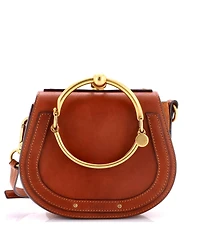 Pre-Owned Chloe Small Nile Crossbody Bag Leather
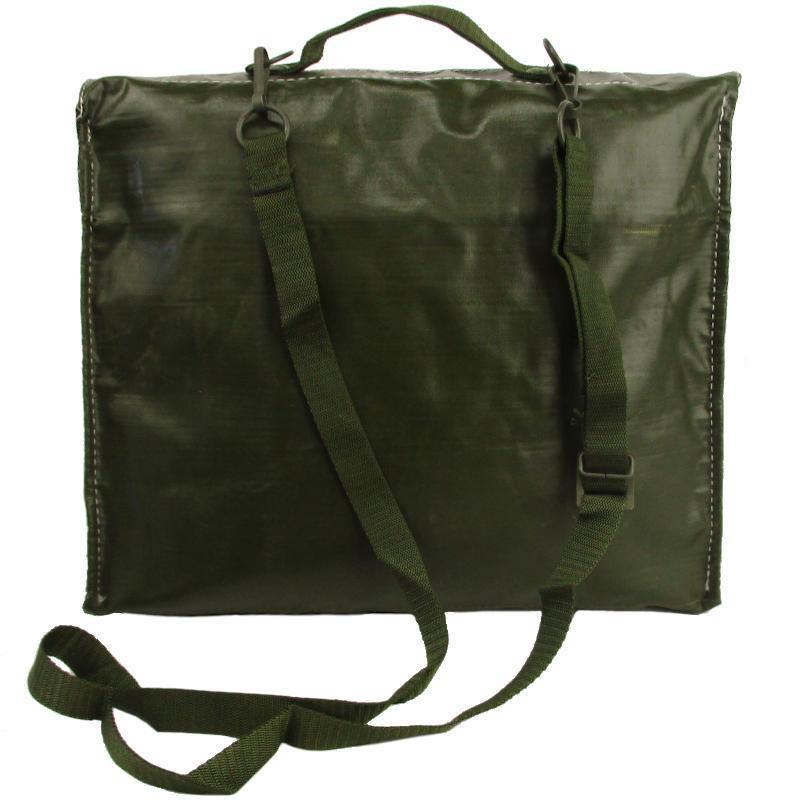 Origineel Tsjechisch leger M85 General Gear vinyl militaire broodtas schouderriem nieuw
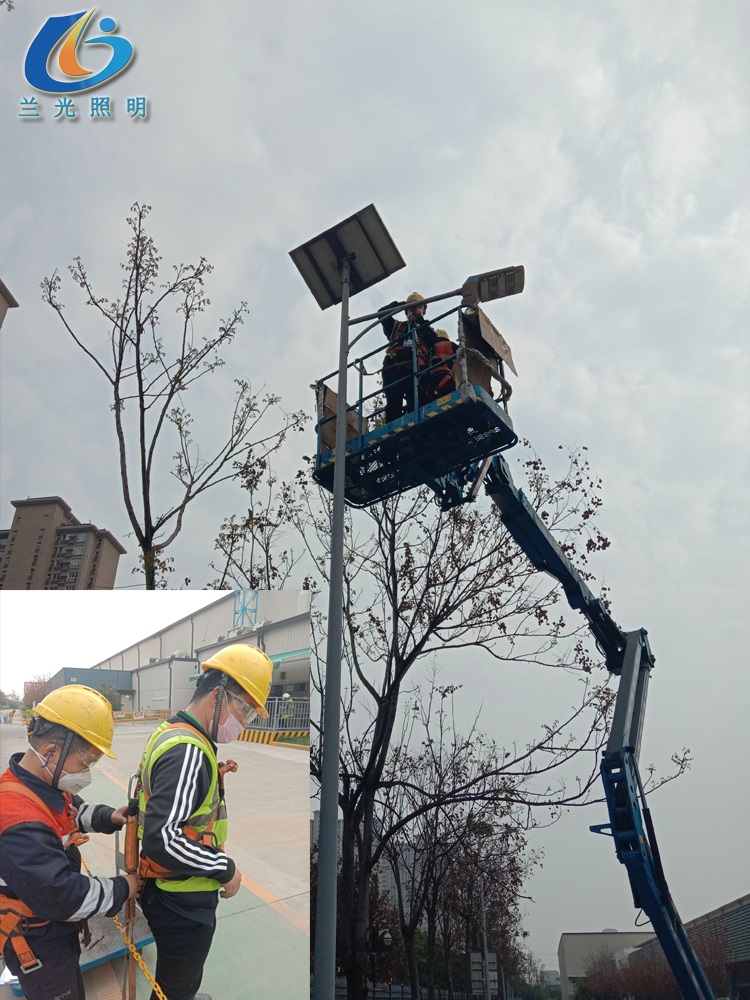 路燈改造工程 路燈改造工程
● ● ● ● ●
HOW TO COMPLETE THIS TASK >>
Write out the whole listing exactly as it appears, and omit the pictures.

TASK SOLUTION >>
 Pre-Owned Chloe Small Nile Crossbody Bag Leather
 Origineel Tsjechisch leger M85 General Gear vinyl militaire broodtas schouderriem nieuw
 路燈改造工程 路燈改造工程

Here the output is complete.